We get a lot of questions about the best way to set up security deposits, when to use damage protection insurance, travel insurance, etc. I've seen a lot of different scenarios over the years, both with OwnerRez clients and my own properties, so here are my thoughts (I'm not a lawyer, standard disclaimers apply, bla bla bla)...

Security deposits are the first line of defense, whether you do a security hold on a card or a refundable deposit charge. I'd recommend taking a secdep even if you also have separate insurance. Not only do you have access to the funds immediately rather than having to file a claim, it also gives the guest some skin in the game so they tend to treat your property with more respect. You can also charge a deposit for other items covered in the renter agreement -- undisclosed extra guests, pets, etc. "covered in the renter agreement" is the key phrase there -- if the guest didn't agree to it prior to the charge, you'll loose a chargeback if they do one.

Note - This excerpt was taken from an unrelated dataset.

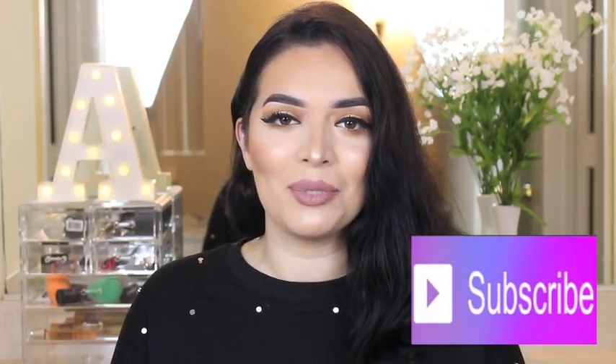Hey guys, welcome back to my channel. Today I have a foundation review for you guys — I am reviewing a very affordable foundation, the Maybelline Superstay Full Coverage Foundation. It is pretty new. If you want to know how it applies and how it wears throughout the day, just keep watching, don't forget to subscribe, and hit the bell notification so you can be notified whenever I upload. Now let's get started with the review.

That said, there are issues that a secdep won't cover. Damage for an amount more than the secdep for one. There's also a risk of chargebacks unless you're taking the deposit by check. You can win chargebacks, but it's a capricious system. If the bank doesn't like you and the guest denies having done the damage, the bank sometimes just ignores the renter agreement and tells you to take the guest to court if you don't like it. I wouldn't recommend doing an additional charge for more than the security deposit for that exact reason -- if you don't have documentation that the guest specifically authorized an additional charge, you'll loose the chargeback. For secdeps, they specifically authorized the charge so that'll typically stand up, but language in a renter agreement about charging an undefined additional amount if necessary doesn't meet the banking requirements -- you'd have to take the guest to court.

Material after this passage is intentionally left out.